**EXTRACTED RECORDS**
[Start of section]
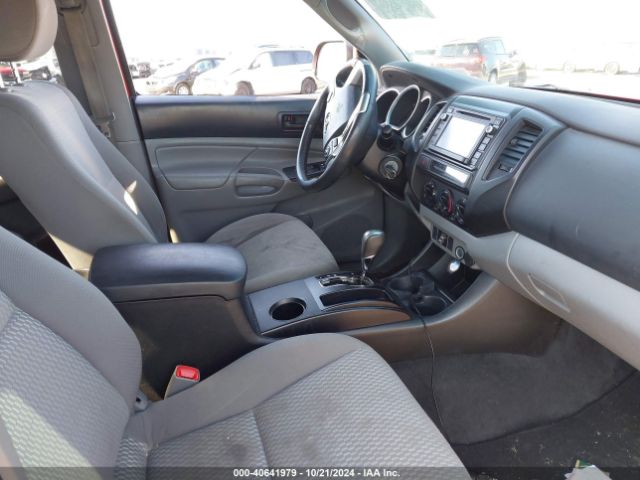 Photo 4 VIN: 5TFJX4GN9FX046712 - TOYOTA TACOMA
[End of section]
[Start of section]
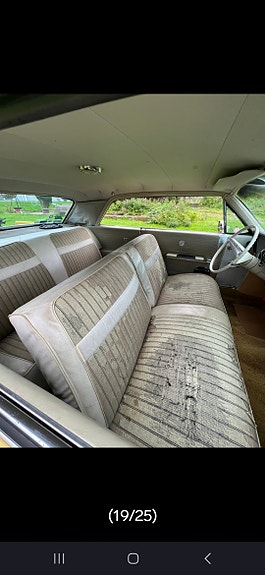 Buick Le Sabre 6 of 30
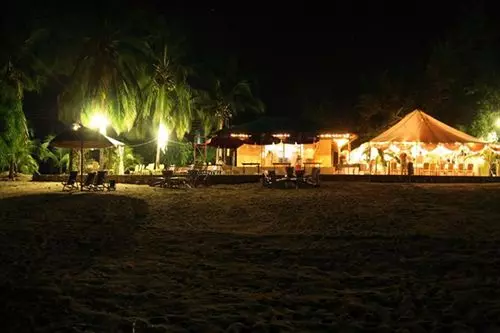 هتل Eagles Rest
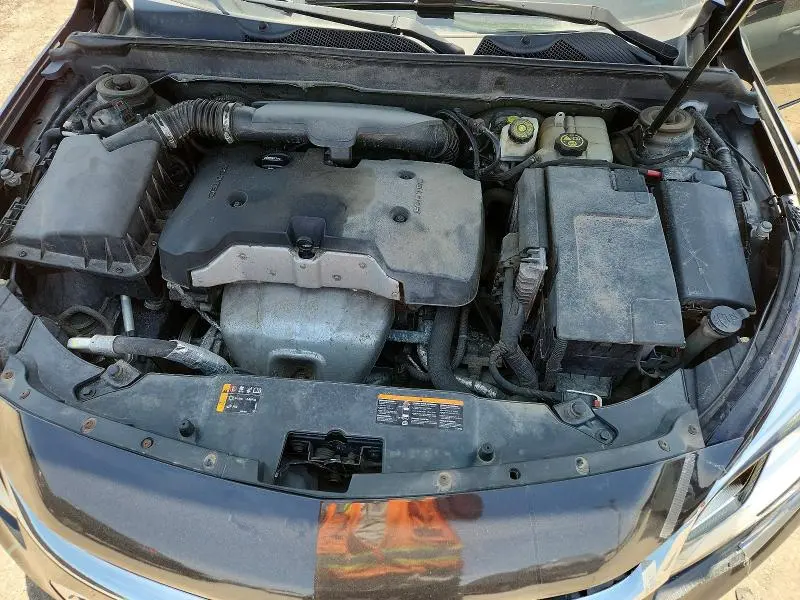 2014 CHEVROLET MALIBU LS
[End of section]
**WHAT YOU WILL DO**
Would you write out exactly the lines above, starting at the line containing "Buick Le Sabre 6 of 30" and stopping after the line containing "2014 CHEVROLET MALIBU LS"? Omit the pictures.

**WRITTEN ANSWER**
 Buick Le Sabre 6 of 30
 هتل Eagles Rest
 2014 CHEVROLET MALIBU LS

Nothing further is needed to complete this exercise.